Required work => Reproduce the listing below exactly, minus its pictures.

Given material =>
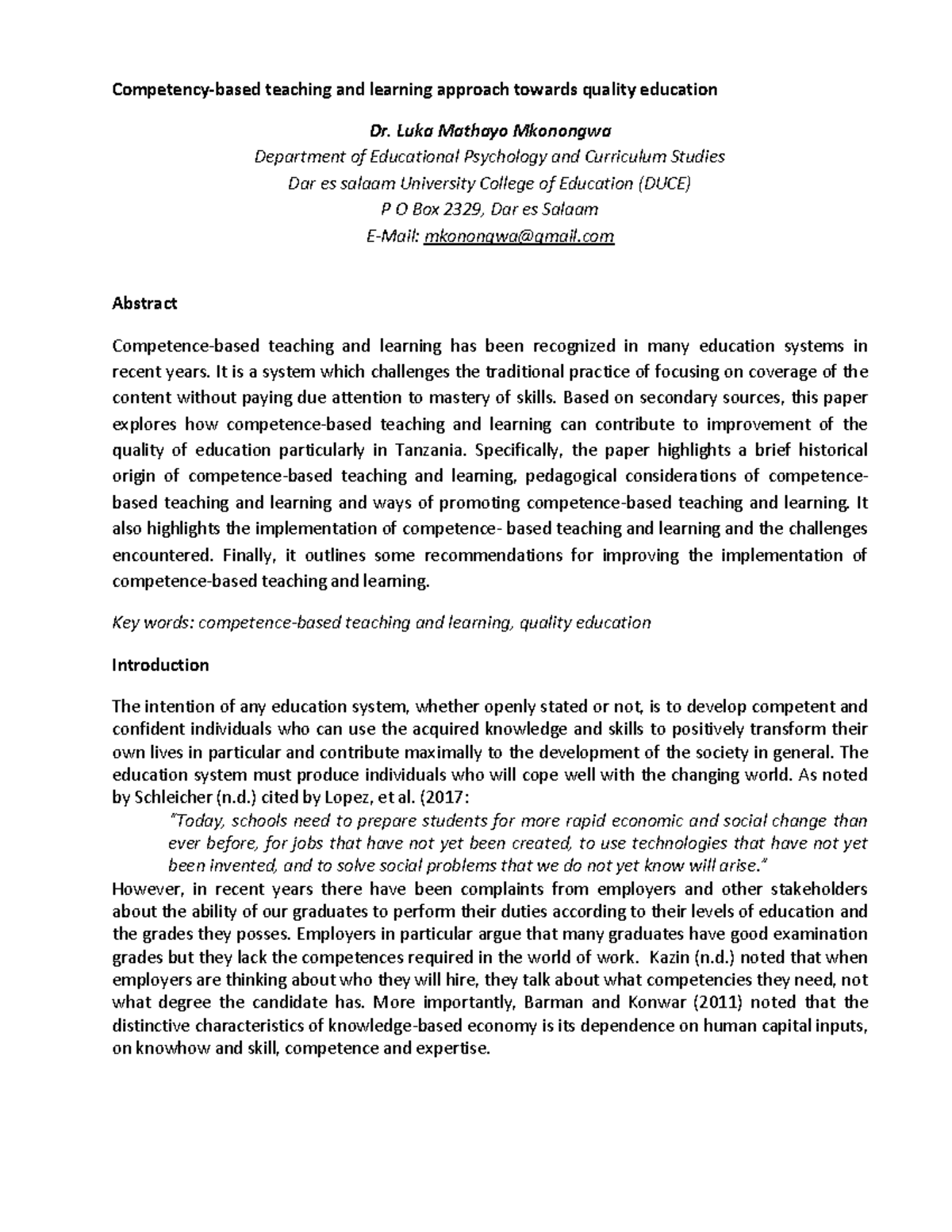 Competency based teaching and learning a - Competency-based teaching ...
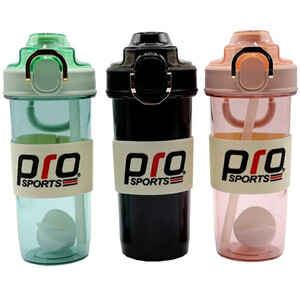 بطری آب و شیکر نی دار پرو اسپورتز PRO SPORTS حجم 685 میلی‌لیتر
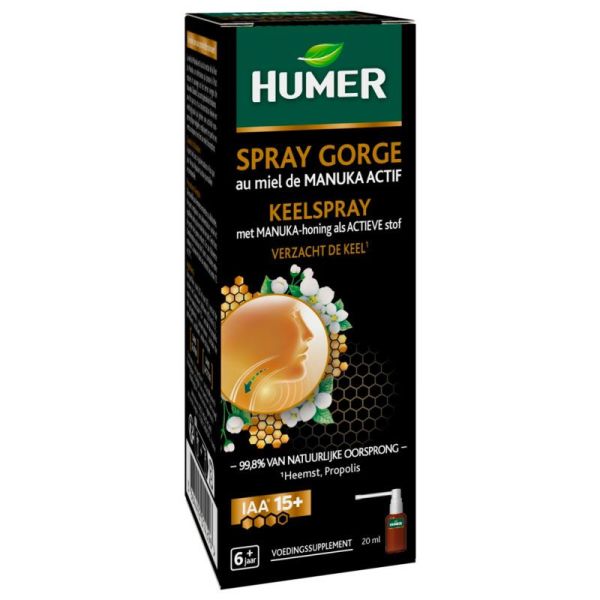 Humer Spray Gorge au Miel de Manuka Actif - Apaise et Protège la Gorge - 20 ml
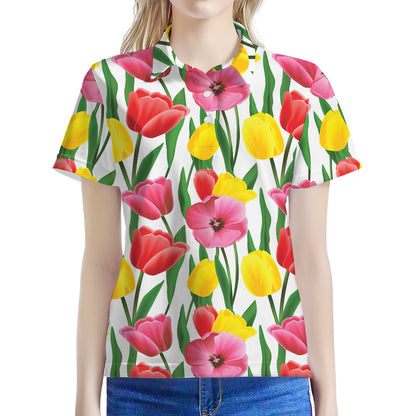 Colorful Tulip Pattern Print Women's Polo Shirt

Reply =>
 Competency based teaching and learning a - Competency-based teaching ...
 بطری آب و شیکر نی دار پرو اسپورتز PRO SPORTS حجم 685 میلی‌لیتر
 Humer Spray Gorge au Miel de Manuka Actif - Apaise et Protège la Gorge - 20 ml
 Colorful Tulip Pattern Print Women's Polo Shirt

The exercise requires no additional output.